• _About this task_
Lines after the one containing "Картридж Sakura Printing SACLT-K409S" are to be omitted; print exactly each line from the start of the records up to and including it.
--
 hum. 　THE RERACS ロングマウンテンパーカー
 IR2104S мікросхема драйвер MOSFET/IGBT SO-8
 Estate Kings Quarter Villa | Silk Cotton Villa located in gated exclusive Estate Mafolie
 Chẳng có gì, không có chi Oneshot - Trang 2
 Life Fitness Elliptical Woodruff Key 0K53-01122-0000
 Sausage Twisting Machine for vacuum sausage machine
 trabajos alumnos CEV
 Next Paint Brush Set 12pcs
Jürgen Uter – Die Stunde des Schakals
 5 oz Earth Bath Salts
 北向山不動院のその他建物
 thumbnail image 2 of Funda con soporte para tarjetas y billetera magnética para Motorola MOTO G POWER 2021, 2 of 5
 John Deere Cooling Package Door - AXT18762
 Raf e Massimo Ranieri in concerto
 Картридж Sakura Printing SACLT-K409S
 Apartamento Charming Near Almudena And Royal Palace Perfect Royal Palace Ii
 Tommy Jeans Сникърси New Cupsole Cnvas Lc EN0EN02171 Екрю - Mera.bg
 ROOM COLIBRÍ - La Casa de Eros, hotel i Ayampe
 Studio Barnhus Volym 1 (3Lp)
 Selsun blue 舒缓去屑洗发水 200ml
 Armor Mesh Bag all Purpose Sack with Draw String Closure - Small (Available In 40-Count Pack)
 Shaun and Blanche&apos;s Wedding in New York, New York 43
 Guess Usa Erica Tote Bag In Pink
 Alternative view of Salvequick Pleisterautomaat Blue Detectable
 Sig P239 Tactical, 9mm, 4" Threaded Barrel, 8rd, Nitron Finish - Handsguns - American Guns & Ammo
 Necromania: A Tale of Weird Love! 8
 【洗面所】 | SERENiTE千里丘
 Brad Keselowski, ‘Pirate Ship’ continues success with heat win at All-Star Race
--
• _Task response_
 hum. 　THE RERACS ロングマウンテンパーカー
 IR2104S мікросхема драйвер MOSFET/IGBT SO-8
 Estate Kings Quarter Villa | Silk Cotton Villa located in gated exclusive Estate Mafolie
 Chẳng có gì, không có chi Oneshot - Trang 2
 Life Fitness Elliptical Woodruff Key 0K53-01122-0000
 Sausage Twisting Machine for vacuum sausage machine
 trabajos alumnos CEV
 Next Paint Brush Set 12pcs
Jürgen Uter – Die Stunde des Schakals
 5 oz Earth Bath Salts
 北向山不動院のその他建物
 thumbnail image 2 of Funda con soporte para tarjetas y billetera magnética para Motorola MOTO G POWER 2021, 2 of 5
 John Deere Cooling Package Door - AXT18762
 Raf e Massimo Ranieri in concerto
 Картридж Sakura Printing SACLT-K409S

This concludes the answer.